_What is expected_
Using the material that follows, output exactly the lines from the one containing "Website van P. Harteveld Timmerwerken V.O.F." through the one containing "Europäische Münzen und", with both ends kept.

_The input_
▼

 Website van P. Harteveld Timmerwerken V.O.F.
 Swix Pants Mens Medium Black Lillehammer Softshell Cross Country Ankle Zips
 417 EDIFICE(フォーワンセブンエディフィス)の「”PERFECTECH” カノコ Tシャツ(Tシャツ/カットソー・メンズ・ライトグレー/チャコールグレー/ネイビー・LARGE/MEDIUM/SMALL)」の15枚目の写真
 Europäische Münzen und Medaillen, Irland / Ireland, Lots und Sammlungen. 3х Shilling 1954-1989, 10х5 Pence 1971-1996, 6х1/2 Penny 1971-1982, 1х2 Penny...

▲
▼

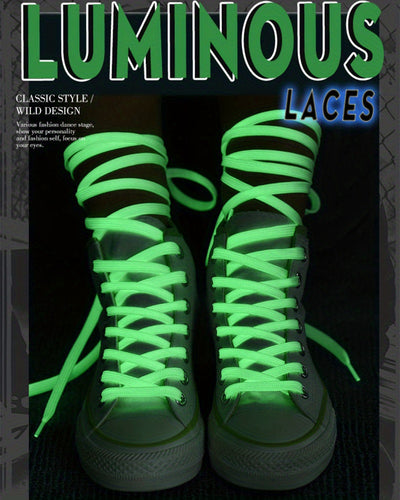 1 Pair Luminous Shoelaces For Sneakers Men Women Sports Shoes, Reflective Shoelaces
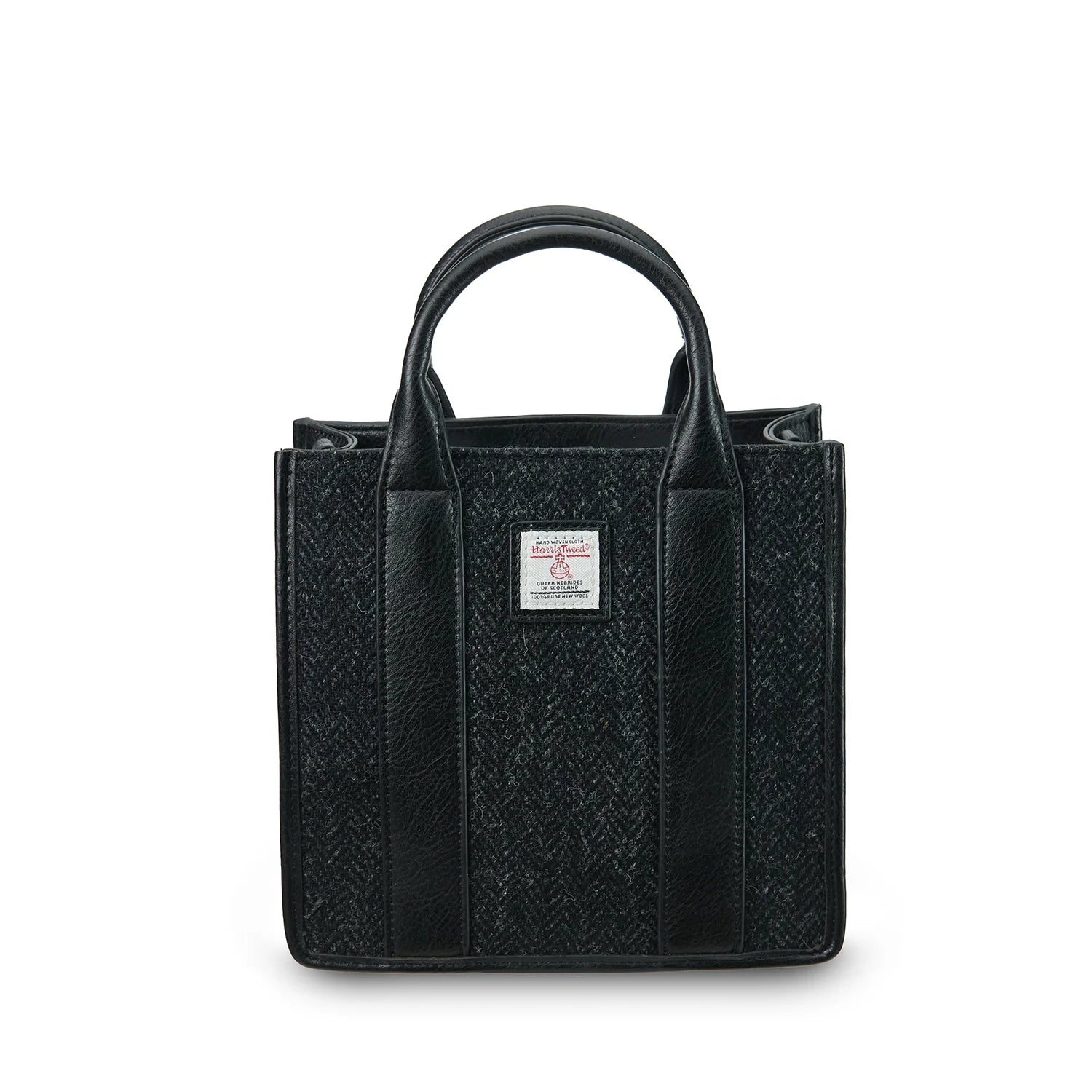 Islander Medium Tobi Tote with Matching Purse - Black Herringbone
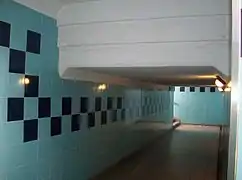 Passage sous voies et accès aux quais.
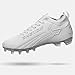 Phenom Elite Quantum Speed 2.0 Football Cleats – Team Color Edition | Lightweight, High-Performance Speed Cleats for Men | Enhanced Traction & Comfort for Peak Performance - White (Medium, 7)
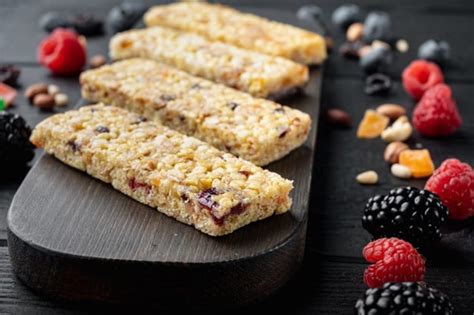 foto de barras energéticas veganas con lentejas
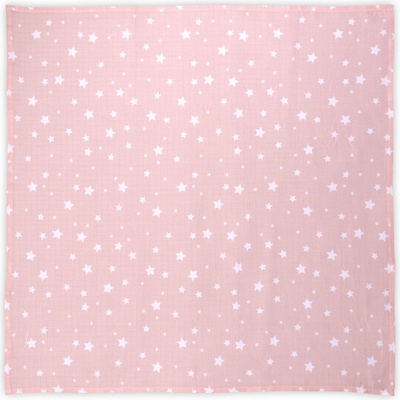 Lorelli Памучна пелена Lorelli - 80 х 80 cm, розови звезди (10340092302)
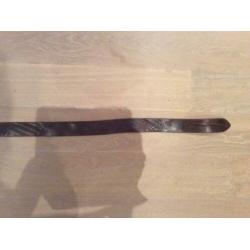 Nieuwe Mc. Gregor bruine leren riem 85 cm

▲

_Written reply_
 Website van P. Harteveld Timmerwerken V.O.F.
 Swix Pants Mens Medium Black Lillehammer Softshell Cross Country Ankle Zips
 417 EDIFICE(フォーワンセブンエディフィス)の「”PERFECTECH” カノコ Tシャツ(Tシャツ/カットソー・メンズ・ライトグレー/チャコールグレー/ネイビー・LARGE/MEDIUM/SMALL)」の15枚目の写真
 Europäische Münzen und Medaillen, Irland / Ireland, Lots und Sammlungen. 3х Shilling 1954-1989, 10х5 Pence 1971-1996, 6х1/2 Penny 1971-1982, 1х2 Penny...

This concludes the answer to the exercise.